TASK ITEM:
Reproduce the listing below exactly. Pictures do not belong in the copy.

PROVIDED MATERIAL:
========
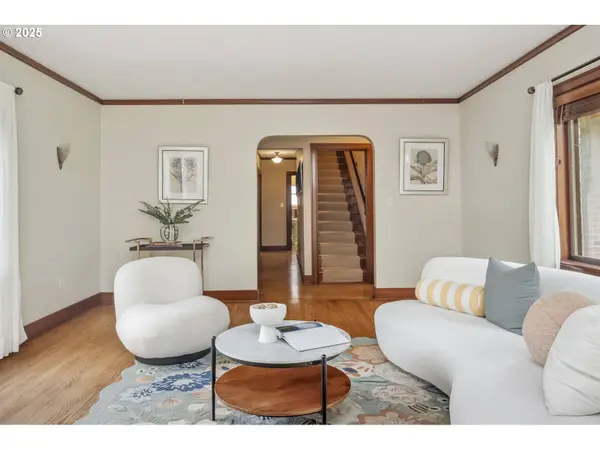 3622 NE HASSALO ST, Portland, OR 97232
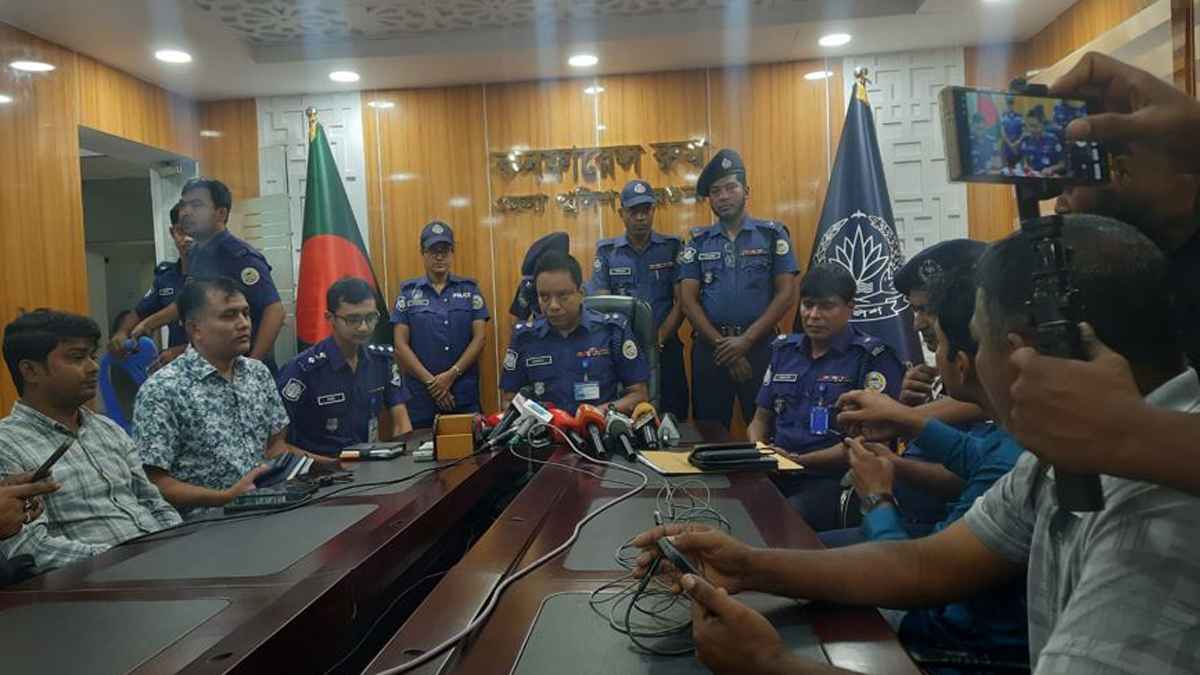 বরগুনায় চোরাই স্বর্ণালঙ্কার ও নগদ টাকা উদ্ধার, গ্রেফতার ২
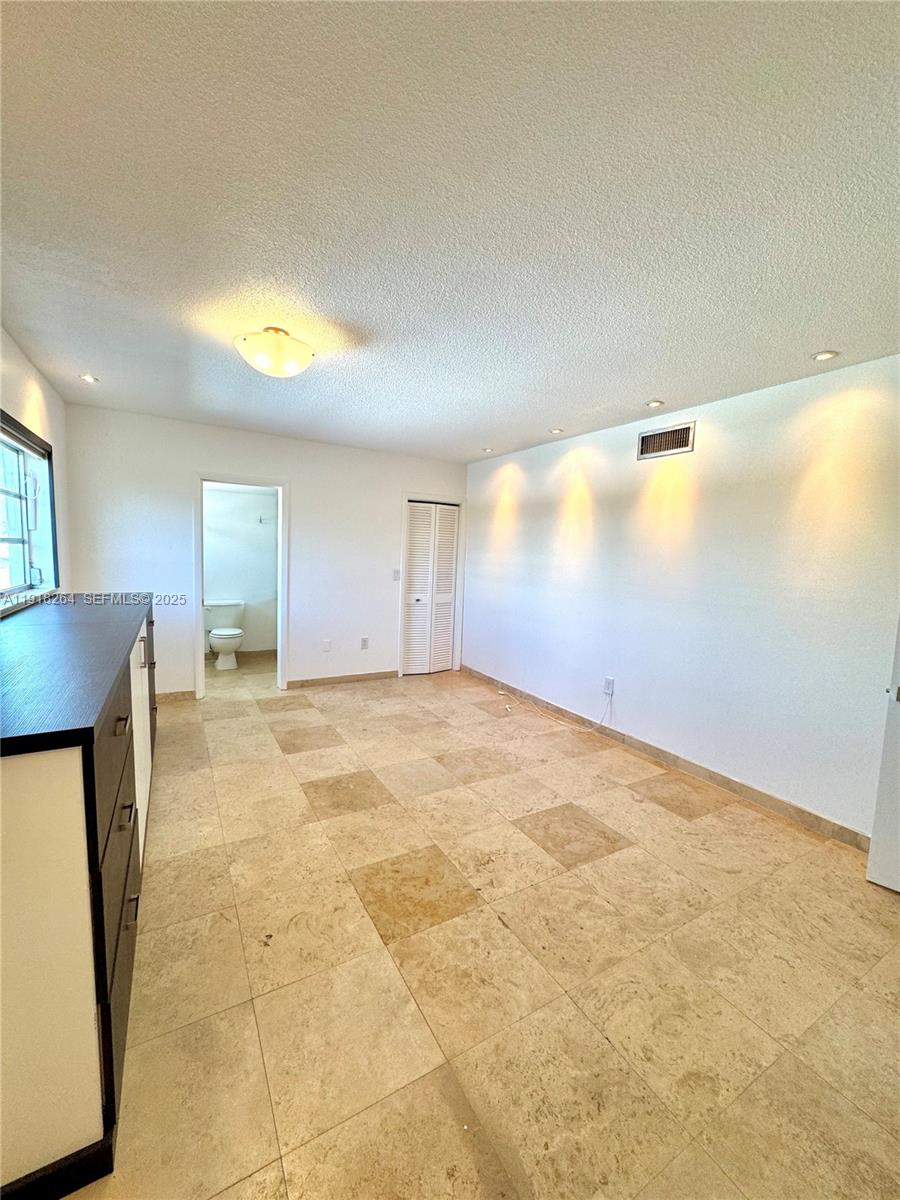 1020 94th St #402 Bay Harbor Islands, FL 33154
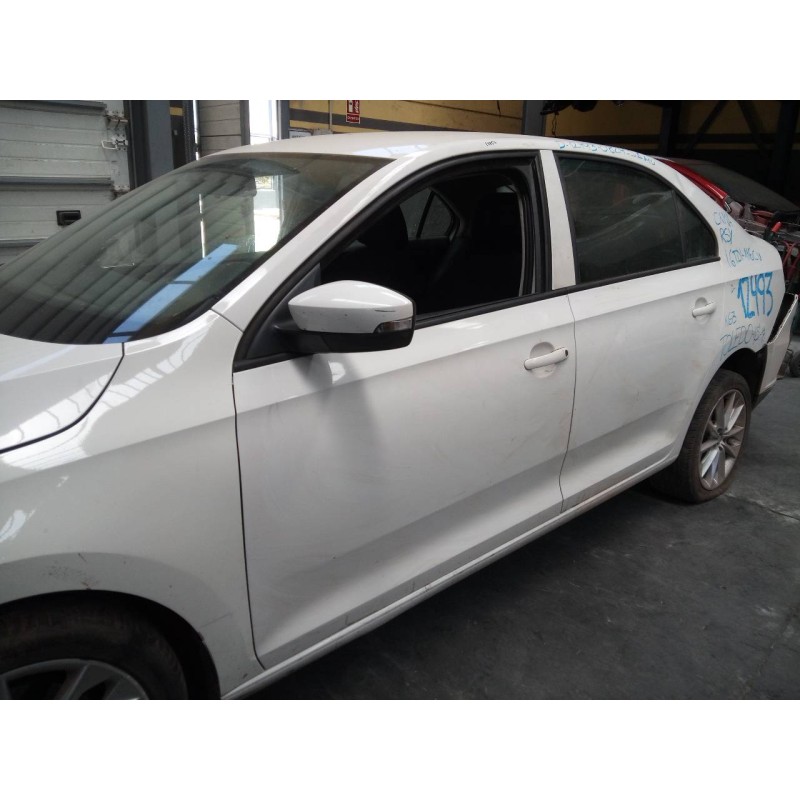 Recambio de puerta delantera izquierda para seat toledo (kg3) reference referencia OEM IAM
========
ANSWER SPACE:
 3622 NE HASSALO ST, Portland, OR 97232
 বরগুনায় চোরাই স্বর্ণালঙ্কার ও নগদ টাকা উদ্ধার, গ্রেফতার ২
 1020 94th St #402 Bay Harbor Islands, FL 33154
 Recambio de puerta delantera izquierda para seat toledo (kg3) reference referencia OEM IAM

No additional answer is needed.